Threading model overview of Python, Ruby, PERL, et. al. - mace
http://justin.harmonize.fm/index.php/2008/09/threading-model-overview/?disqus_reply=2260873
======
davidw
If I'm not mistaken, it was Tcl that did the 'Perl' thread model first. It
does it quite well, too, IMO.

------
thwarted
"The second catch is that every new thread is very expensive to create. The
interpreter is not small, and duplicating it with every thread makes for a lot
of overhead."

There have been a lot of misconceptions about threading in perl, most likely
because of the two different implementations.

The modern implementation, which has been around literally for years, is
seemingly pthread based. According to strace, the clone(2) system call is used
on linux to create a thread, and all memory is shared between the threads
(CLONE_VM is specified). "Duplicating the interpreter" is roughly the same as
for any other thread based program, where what needs to be allocated is a
stack for the thread and some other TLS areas.

However, the time it takes to start up a thread is often why a "pre-fork"
thread model is used. One should take into account the limits of the platform
they are using when they are designing the application, to work around/avoid
any perceived weaknesses.

------
ajross
Here's a language (mine) in the same space as perl/python/ruby/javascript that
does native threads just fine: <http://plausible.org/nasal>

The problem isn't that hard if you think about it from the start.
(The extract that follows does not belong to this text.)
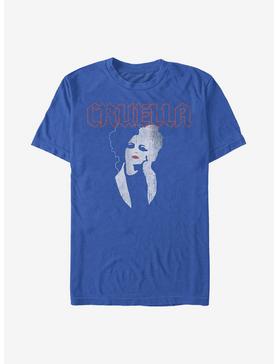 Disney Cruella Rock T-Shirt, ROYAL, hi-res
Nasal will
grab a global lock for garbage collection, but everything else is parallel.

------
fauigerzigerk
It seems there are two conflicting trends that affect the use of threads for
parallelism: One is that the amount RAM available to a typical machine grows
fast and thus in-memory data processing becomes more important. The other
trend is that some smart people prefer a process model over threads, which
excludes working with a lot of in-memory data or at least makes it hugely more
complex (working with shared memory blobs, no pointers, none of the usual data
structures, etc).

I for one feel very restricted by languages like Python, Ruby or PHP because
they effectively force me to use the process model for parallelism and prevent
easy sharing of in-memory data structures between threads. So even though I
like these languages I use C#, Java or C++ for most projects. Others may of
course have different scenarios and different requirements.